◆ **Provided data**:
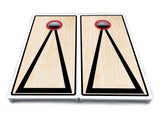 Red/Black Hole Ring Cornhole Boards - All Weather Series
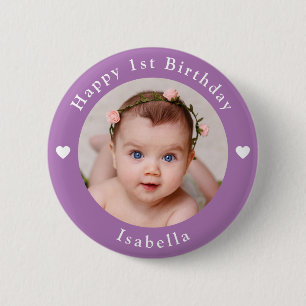 Personalized Age, Name And Photo Birthday Lavender 2 Inch Round Button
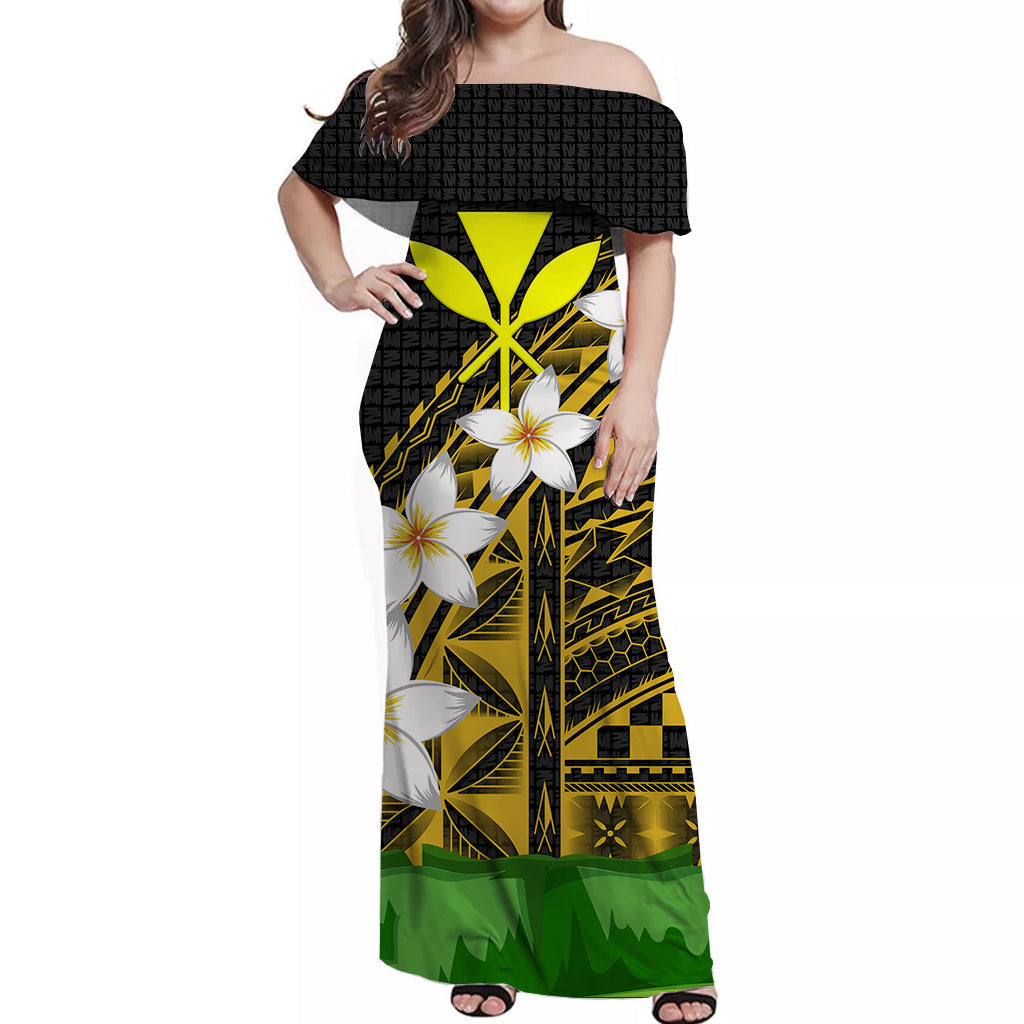 Hawaii Off Shoulder Dress Banana Leaf With Plumeria Flowers Gold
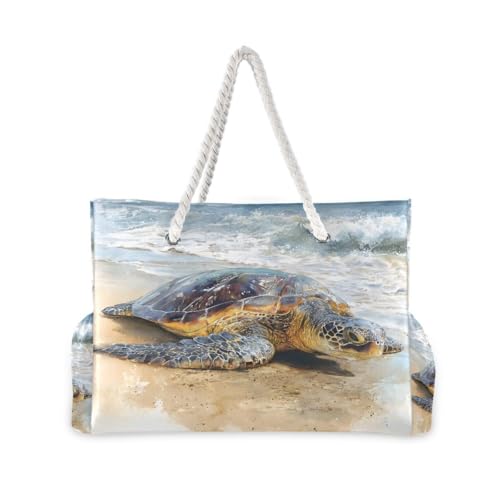 Large Beach Bags Totes Canvas Tote Shoulder Bag Seaturtle on Beach Water Resistant Bags for Gym Travel Daily2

◆ **Instructions to follow**: Word for word, repeat the material above and drop the pictures.

◆ **Problem solution**:
 Red/Black Hole Ring Cornhole Boards - All Weather Series
 Personalized Age, Name And Photo Birthday Lavender 2 Inch Round Button
 Hawaii Off Shoulder Dress Banana Leaf With Plumeria Flowers Gold
 Large Beach Bags Totes Canvas Tote Shoulder Bag Seaturtle on Beach Water Resistant Bags for Gym Travel Daily2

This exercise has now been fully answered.